(HOW TO COMPLETE THIS TASK): Starting at the line with "HOHE LEDERSCHUHE FÜR DAMEN" and stopping at the final line, retype the data below exactly; do not carry over any pictures.

(DATASET SECTION):
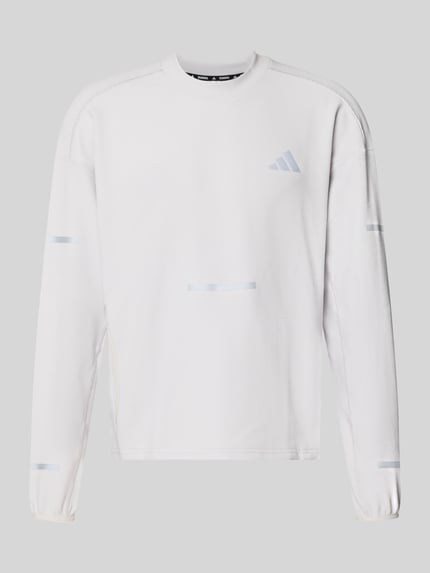 Produktfoto, weißes Regular Fit Sport-Langarmshirt mit Lyocell-Anteil von adidas Training, glatte Textur, dezente Linien, adidas Logo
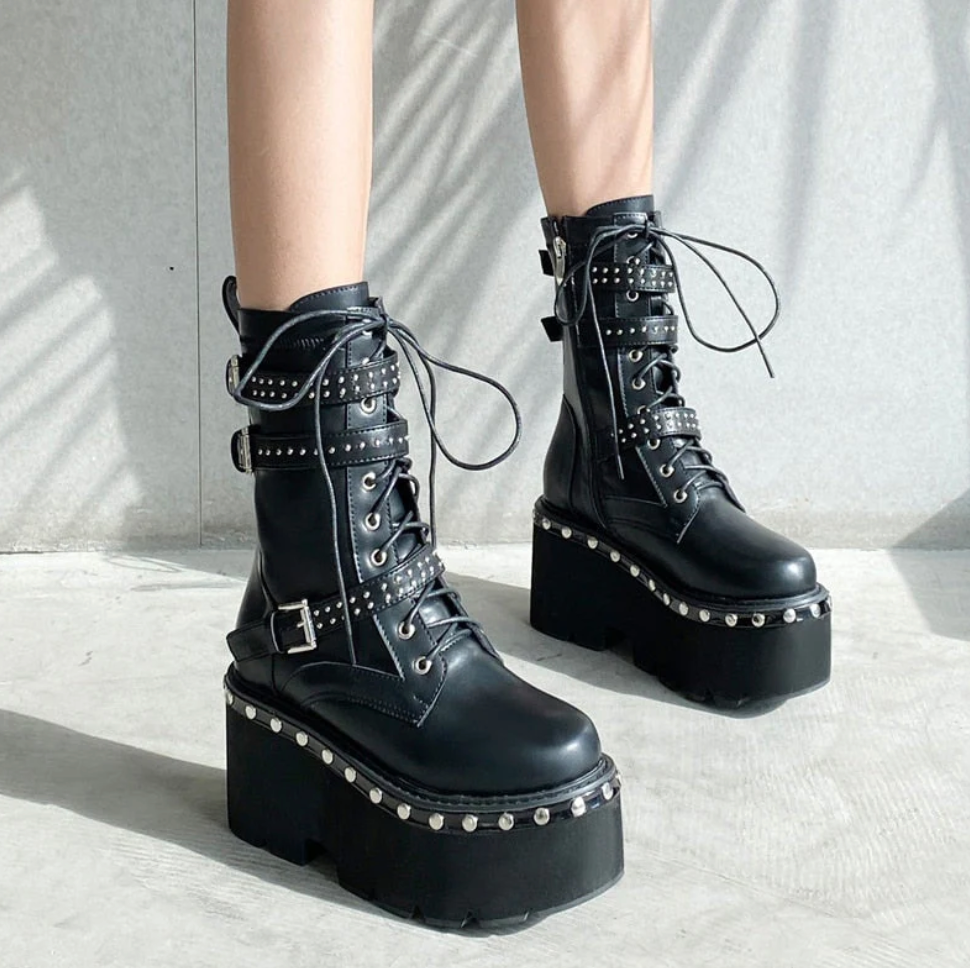 HOHE LEDERSCHUHE FÜR DAMEN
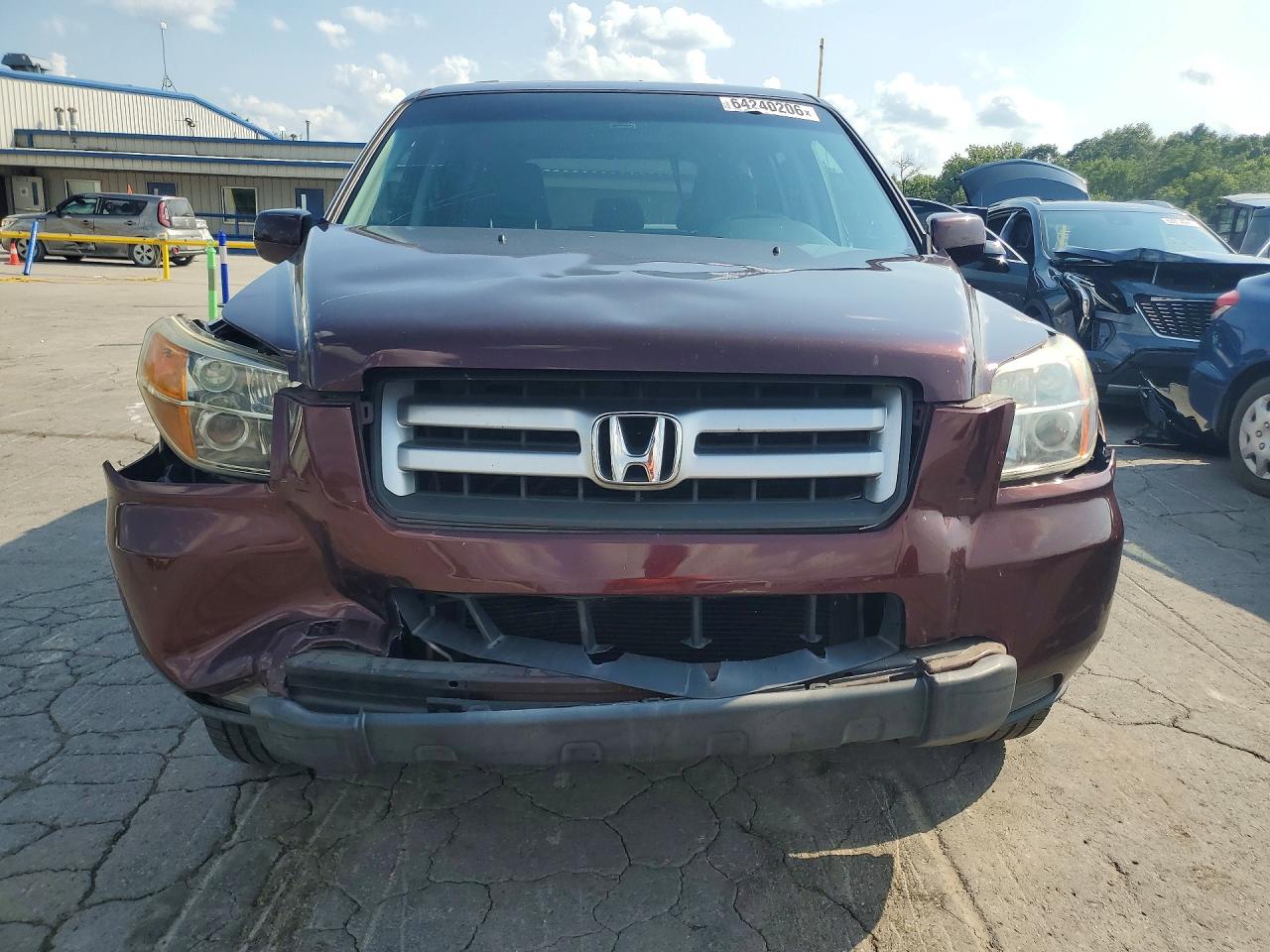2008 Honda Pilot Vp Burgundy vin: 5FNYF28208B008776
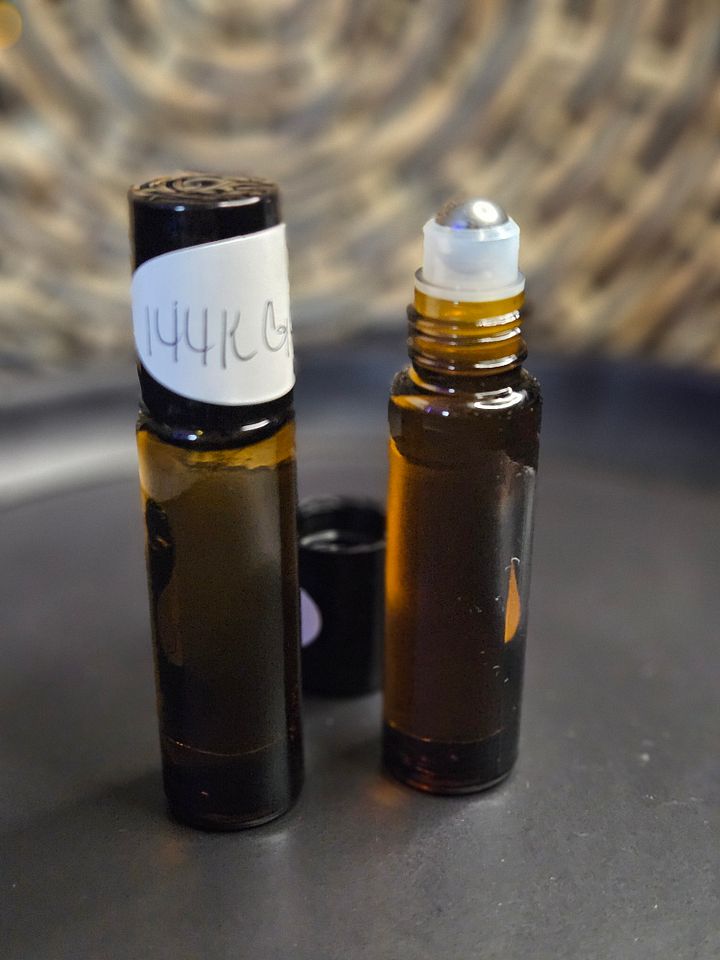 SCENTED BODY OIL product image (2)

(PROBLEM SOLUTION):
 HOHE LEDERSCHUHE FÜR DAMEN
2008 Honda Pilot Vp Burgundy vin: 5FNYF28208B008776
 SCENTED BODY OIL product image (2)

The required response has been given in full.